Of course it was only a “gift” because it was an authentic, unrehearsed expression of the president’s core beliefs. Callers and emailers to my program yesterday swelled with indignation, and I suspect Mitt Romney’s coffers did as well
as still more thousands realize there is no hope for this president, and as they begin to imagine what a second term would look like.

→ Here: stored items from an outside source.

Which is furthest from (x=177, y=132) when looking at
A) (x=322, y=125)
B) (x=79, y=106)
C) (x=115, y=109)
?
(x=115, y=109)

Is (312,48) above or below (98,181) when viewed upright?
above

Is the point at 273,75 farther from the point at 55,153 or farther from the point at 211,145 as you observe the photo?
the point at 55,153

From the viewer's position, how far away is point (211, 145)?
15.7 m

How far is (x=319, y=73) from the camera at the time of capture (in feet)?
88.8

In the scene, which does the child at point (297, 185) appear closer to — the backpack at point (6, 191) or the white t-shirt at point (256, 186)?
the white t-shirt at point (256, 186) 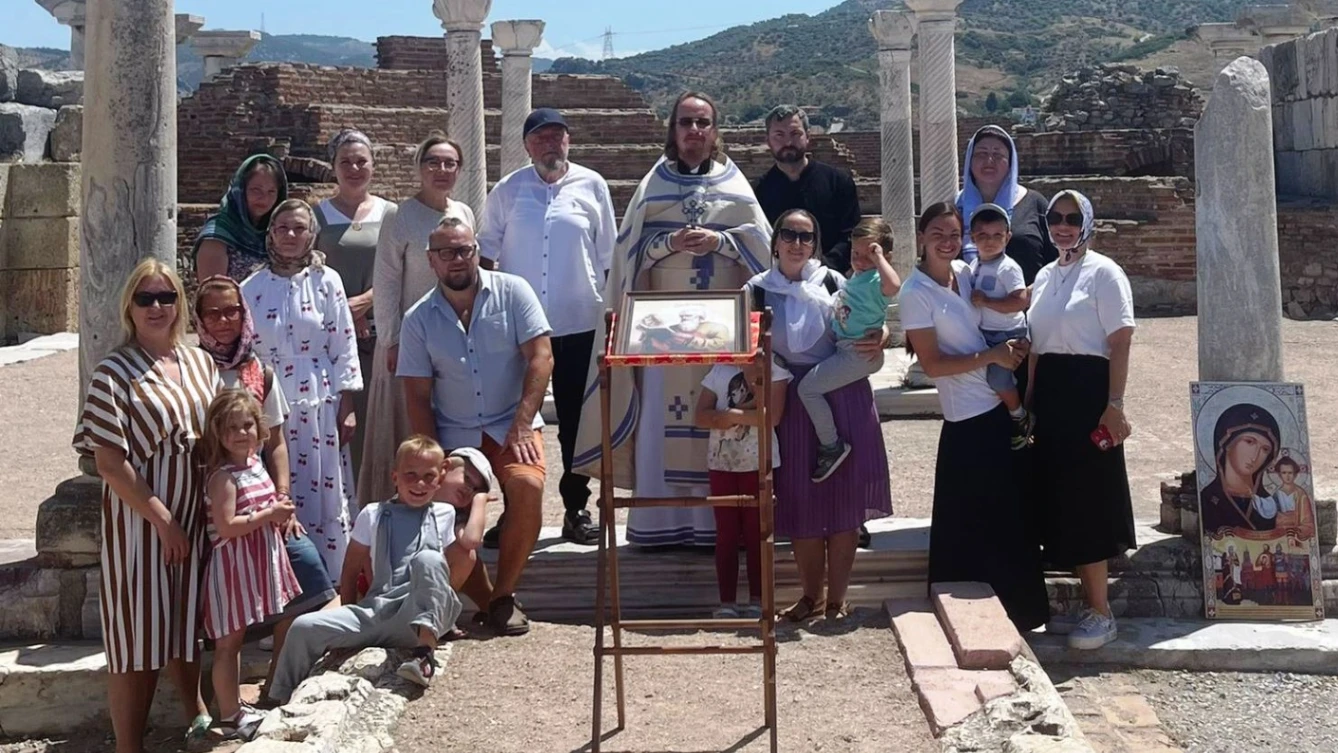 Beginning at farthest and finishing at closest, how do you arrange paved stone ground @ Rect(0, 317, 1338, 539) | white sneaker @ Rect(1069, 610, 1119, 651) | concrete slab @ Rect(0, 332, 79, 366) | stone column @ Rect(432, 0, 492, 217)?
stone column @ Rect(432, 0, 492, 217) → concrete slab @ Rect(0, 332, 79, 366) → paved stone ground @ Rect(0, 317, 1338, 539) → white sneaker @ Rect(1069, 610, 1119, 651)

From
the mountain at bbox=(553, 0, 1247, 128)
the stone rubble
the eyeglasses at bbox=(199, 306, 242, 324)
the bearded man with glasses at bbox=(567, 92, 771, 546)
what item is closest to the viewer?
the stone rubble

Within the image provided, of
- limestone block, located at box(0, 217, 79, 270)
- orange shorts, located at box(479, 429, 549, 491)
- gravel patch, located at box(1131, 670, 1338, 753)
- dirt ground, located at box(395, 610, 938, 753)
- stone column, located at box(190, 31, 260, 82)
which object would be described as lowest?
gravel patch, located at box(1131, 670, 1338, 753)

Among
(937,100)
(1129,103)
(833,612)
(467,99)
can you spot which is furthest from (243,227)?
(1129,103)

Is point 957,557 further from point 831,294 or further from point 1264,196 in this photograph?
point 1264,196

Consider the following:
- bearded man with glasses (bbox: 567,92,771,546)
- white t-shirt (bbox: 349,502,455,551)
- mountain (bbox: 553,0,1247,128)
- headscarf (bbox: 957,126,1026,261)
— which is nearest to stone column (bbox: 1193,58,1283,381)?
headscarf (bbox: 957,126,1026,261)

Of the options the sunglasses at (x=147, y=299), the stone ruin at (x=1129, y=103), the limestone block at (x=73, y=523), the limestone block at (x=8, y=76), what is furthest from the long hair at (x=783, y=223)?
the stone ruin at (x=1129, y=103)

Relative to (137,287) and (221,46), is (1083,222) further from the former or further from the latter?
(221,46)

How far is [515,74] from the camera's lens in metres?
19.7

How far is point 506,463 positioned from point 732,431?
2.75 ft

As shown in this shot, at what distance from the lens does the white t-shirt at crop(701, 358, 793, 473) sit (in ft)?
18.9

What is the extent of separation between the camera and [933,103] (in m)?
13.5

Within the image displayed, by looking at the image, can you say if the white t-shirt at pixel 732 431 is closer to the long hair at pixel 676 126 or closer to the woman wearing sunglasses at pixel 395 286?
the long hair at pixel 676 126

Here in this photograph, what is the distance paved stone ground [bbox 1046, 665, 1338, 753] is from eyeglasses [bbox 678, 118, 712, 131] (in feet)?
7.96

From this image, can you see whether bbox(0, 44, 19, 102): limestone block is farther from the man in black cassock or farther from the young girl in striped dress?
the young girl in striped dress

The real test of the Manhattan-Beltway media elites’ resolve to truly cover this president as it should and has it has not done so to date will come on tomorrow’s Sunday shows. The combination of Scott Walker’s huge win in Wisconsin and the president’s pratfall yesterday should dominate all the big weekend shows. We will see. Attempts to minimize or dismiss what was a straightforward statement of the president’s belief will be the temptation of Obama defenders far and wide in the MSM. Keep in mind what happened to John McCain when in the midst of Campaign 2008 he made the true statement that the fundamentals of the American economy were sound even though the financial crisis was very serious. McCain was roasted for “being out of touch” even though he provided context to his “fundamentals” statement. The president intended what he said, meant it, and in speaking it communicated accurately his “grasp” of economics. His walk-back later in the day should be dismissed as running-for-cover, and the coverage should focus on how he could be so extraordinarily disconnected from the country he is supposed to be leading.
I spent last night having a cigar with Dr. Larry Arnn, president of Hillsdale College, and many of his students and alum, atop Hillsdale’s Kirby Center in the shadow of the Capitol
. Among the alum were journalists, a couple of Marine Corps officers, a Supreme Court law clerk and various other risers-in-the-world, all trained the right way to think right way about governance.
The students were sharp as could be and eager to work hard and long to prepare to do the same.
The country will in fact be just fine if we entrust it to men and women who have worked hard to understand how it ought to run, to love the private sector, and to be distrustful of government overflowing its banks.